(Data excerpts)

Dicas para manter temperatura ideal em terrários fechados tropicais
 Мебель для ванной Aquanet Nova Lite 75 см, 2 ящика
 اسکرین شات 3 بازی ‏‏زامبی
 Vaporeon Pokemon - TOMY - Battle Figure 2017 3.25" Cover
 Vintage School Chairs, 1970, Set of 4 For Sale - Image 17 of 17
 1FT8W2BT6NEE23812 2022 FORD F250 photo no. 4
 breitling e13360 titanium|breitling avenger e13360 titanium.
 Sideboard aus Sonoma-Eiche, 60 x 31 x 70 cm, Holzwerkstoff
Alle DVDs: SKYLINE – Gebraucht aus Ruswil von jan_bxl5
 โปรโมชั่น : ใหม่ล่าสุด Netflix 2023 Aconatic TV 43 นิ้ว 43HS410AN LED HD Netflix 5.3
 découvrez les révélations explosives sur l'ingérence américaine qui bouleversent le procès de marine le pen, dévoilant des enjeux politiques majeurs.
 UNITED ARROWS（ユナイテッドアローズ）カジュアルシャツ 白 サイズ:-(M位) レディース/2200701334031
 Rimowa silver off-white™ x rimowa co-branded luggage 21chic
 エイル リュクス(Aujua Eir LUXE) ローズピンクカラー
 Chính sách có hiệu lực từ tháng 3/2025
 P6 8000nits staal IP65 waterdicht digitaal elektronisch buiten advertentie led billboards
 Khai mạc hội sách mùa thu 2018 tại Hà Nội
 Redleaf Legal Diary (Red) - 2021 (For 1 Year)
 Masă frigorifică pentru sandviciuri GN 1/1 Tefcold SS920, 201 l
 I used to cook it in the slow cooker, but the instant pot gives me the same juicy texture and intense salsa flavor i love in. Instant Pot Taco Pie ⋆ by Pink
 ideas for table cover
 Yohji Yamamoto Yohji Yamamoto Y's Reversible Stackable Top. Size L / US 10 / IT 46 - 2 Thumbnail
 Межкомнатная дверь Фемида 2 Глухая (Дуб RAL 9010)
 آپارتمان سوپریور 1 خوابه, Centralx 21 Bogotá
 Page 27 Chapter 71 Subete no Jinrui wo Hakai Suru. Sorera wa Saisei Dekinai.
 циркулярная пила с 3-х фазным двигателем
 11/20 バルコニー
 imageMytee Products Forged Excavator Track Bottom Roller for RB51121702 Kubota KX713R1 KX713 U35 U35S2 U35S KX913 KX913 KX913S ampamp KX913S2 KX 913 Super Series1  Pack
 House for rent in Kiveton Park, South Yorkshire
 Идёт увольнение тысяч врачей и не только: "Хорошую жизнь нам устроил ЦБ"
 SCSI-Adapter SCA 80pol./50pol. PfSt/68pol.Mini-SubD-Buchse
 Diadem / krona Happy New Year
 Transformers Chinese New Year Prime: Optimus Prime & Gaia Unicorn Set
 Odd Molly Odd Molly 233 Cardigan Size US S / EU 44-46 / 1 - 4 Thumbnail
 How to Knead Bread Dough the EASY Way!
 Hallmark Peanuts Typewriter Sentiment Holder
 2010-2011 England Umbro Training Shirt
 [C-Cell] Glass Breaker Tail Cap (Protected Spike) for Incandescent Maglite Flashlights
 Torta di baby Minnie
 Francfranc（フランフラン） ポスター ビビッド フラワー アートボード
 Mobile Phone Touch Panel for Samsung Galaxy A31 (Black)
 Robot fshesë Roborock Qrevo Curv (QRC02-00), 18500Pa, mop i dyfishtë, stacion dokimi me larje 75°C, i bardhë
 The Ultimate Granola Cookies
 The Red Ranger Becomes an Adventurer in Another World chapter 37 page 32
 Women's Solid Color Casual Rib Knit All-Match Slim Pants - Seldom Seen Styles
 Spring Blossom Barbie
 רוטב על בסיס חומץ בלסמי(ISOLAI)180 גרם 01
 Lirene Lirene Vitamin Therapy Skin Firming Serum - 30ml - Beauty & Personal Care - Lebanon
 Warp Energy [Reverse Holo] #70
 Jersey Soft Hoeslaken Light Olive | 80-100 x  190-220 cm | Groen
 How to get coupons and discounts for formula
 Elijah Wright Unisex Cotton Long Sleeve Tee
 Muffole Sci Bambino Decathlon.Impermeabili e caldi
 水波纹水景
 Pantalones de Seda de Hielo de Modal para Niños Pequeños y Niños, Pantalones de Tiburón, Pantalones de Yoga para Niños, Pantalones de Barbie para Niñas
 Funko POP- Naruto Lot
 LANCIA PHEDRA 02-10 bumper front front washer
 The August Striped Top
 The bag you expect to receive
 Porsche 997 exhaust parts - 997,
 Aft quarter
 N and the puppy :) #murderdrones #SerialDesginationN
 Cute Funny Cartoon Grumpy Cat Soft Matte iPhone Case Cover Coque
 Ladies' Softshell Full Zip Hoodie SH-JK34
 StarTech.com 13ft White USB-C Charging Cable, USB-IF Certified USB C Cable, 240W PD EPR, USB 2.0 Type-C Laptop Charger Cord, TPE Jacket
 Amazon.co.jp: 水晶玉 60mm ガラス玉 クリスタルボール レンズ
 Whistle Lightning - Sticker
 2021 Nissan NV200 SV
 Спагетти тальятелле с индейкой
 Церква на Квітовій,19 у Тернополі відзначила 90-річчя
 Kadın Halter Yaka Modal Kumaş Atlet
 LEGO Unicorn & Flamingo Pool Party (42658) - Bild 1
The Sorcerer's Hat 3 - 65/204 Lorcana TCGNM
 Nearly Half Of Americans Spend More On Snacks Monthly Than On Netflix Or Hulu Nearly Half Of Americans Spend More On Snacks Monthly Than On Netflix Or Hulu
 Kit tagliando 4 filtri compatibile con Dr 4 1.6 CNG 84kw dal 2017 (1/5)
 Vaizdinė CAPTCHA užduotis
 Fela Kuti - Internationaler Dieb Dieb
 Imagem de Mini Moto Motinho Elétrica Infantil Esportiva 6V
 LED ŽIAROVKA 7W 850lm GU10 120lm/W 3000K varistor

About this exercise: Look above for the line containing "Or Hulu Nearly". Return it and each line after it exactly, through the last line, and nothing more.

Task result:
 Nearly Half Of Americans Spend More On Snacks Monthly Than On Netflix Or Hulu Nearly Half Of Americans Spend More On Snacks Monthly Than On Netflix Or Hulu
 Kit tagliando 4 filtri compatibile con Dr 4 1.6 CNG 84kw dal 2017 (1/5)
 Vaizdinė CAPTCHA užduotis
 Fela Kuti - Internationaler Dieb Dieb
 Imagem de Mini Moto Motinho Elétrica Infantil Esportiva 6V
 LED ŽIAROVKA 7W 850lm GU10 120lm/W 3000K varistor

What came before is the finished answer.